→ ASSIGNMENT
Would you return, word for word, the lines of the data below from the line with "Kicau Sepasang Burung Cikrak Bambu" through the line with "platischis1.JPG", and no others?

→ RECORDS FOR PROCESSING

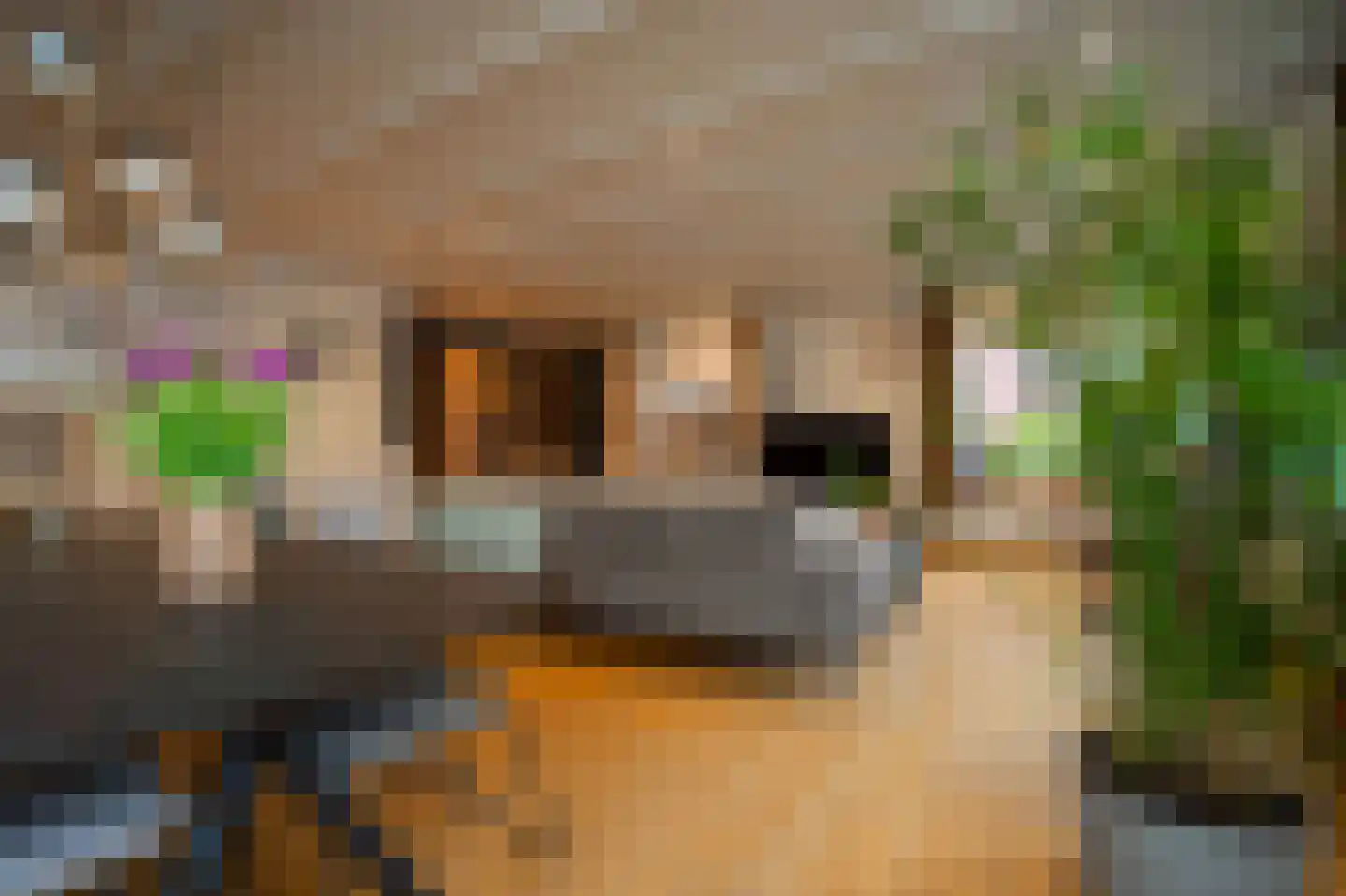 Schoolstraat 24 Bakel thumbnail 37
* * *
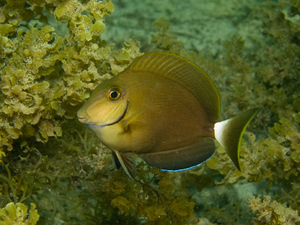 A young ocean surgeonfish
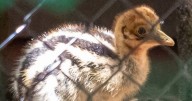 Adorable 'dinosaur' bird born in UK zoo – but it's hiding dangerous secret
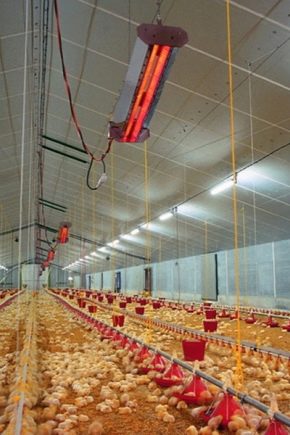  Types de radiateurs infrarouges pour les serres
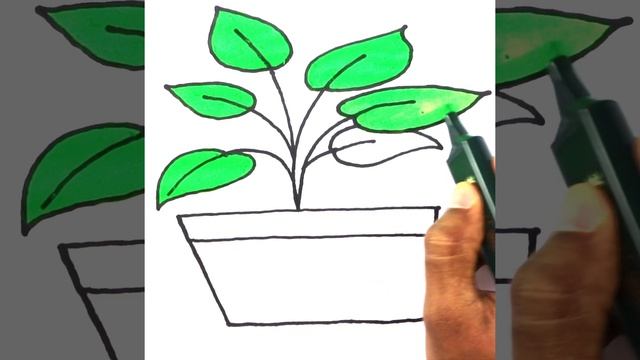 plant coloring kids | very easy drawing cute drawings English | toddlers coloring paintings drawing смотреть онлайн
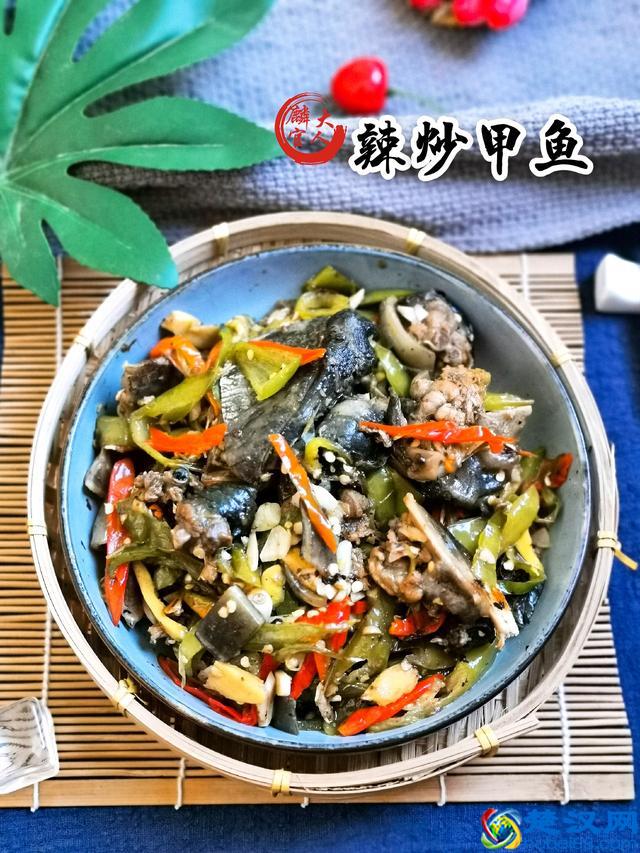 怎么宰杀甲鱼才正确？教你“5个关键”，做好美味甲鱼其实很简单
---
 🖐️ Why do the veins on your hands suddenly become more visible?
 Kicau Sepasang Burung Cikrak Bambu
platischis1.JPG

→ RESPONSE FOR THIS EXERCISE
 Kicau Sepasang Burung Cikrak Bambu
platischis1.JPG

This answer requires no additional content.